Immigration judges fired in July after Congress sent money to hire more


Fifteen immigration judges learned they would be put on leave and their employment would terminate on July 22, according to two people familiar with the firings and confirmed by the International Federation of Professional and Technical Engineers, a union that represents immigration judges. The two people spoke on condition of anonymity for fear of reprisals.

Like the 50 other judges fired within the last six months, the union said, the judges who received the most recent notices were not given a reason for the terminations. They were at the end of their two-year probationary period with the Executive Office for Immigration Review, or EOIR, which is part of the Justice Department. Dozens others took the so-called “Fork in the Road,” a voluntary resignation program aimed at reducing the size of the federal workforce.

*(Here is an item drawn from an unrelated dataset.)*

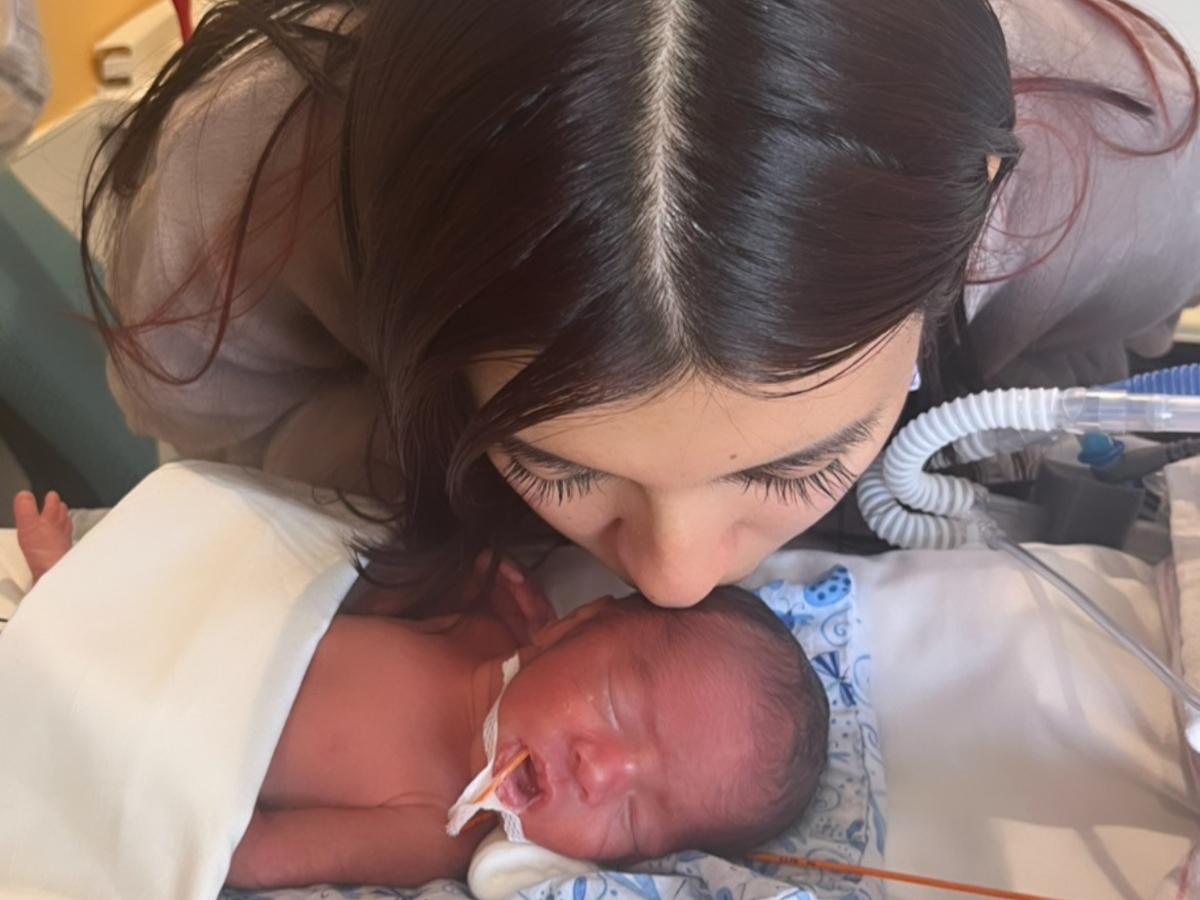 A newborn baby in a hospital bassinet in the United States with a soft blanket, candid documentary photo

EOIR declined to comment.

The terminations landed after Congress approved a mega-spending bill that allocated over $3 billion to the DOJ for immigration-related activities, including hiring more immigration judges. The funding and additional personnel are aimed at alleviating the growing case backlog, which is nearly 4 million cases. Hiring and training new judges can take more than a year.

“It’s outrageous and against the public interest that at a time when the Congress has authorized 800 immigration judges we are firing large numbers of immigration judges without cause,” said Matt Biggs, president of the IFPTE union. “This is hypocritical, you can’t enforce immigration laws when you fire the enforcers.”

In recent months, EOIR leadership has criticized judges for not efficiently managing their case loads and has encouraged adjudicators to streamline asylum reviews and give oral, as opposed to written, decisions on case dismissals. Trump has also voiced support for a plan in Florida to deputize members of the state’s National Guard Judge Advocate General Corps as immigration judges.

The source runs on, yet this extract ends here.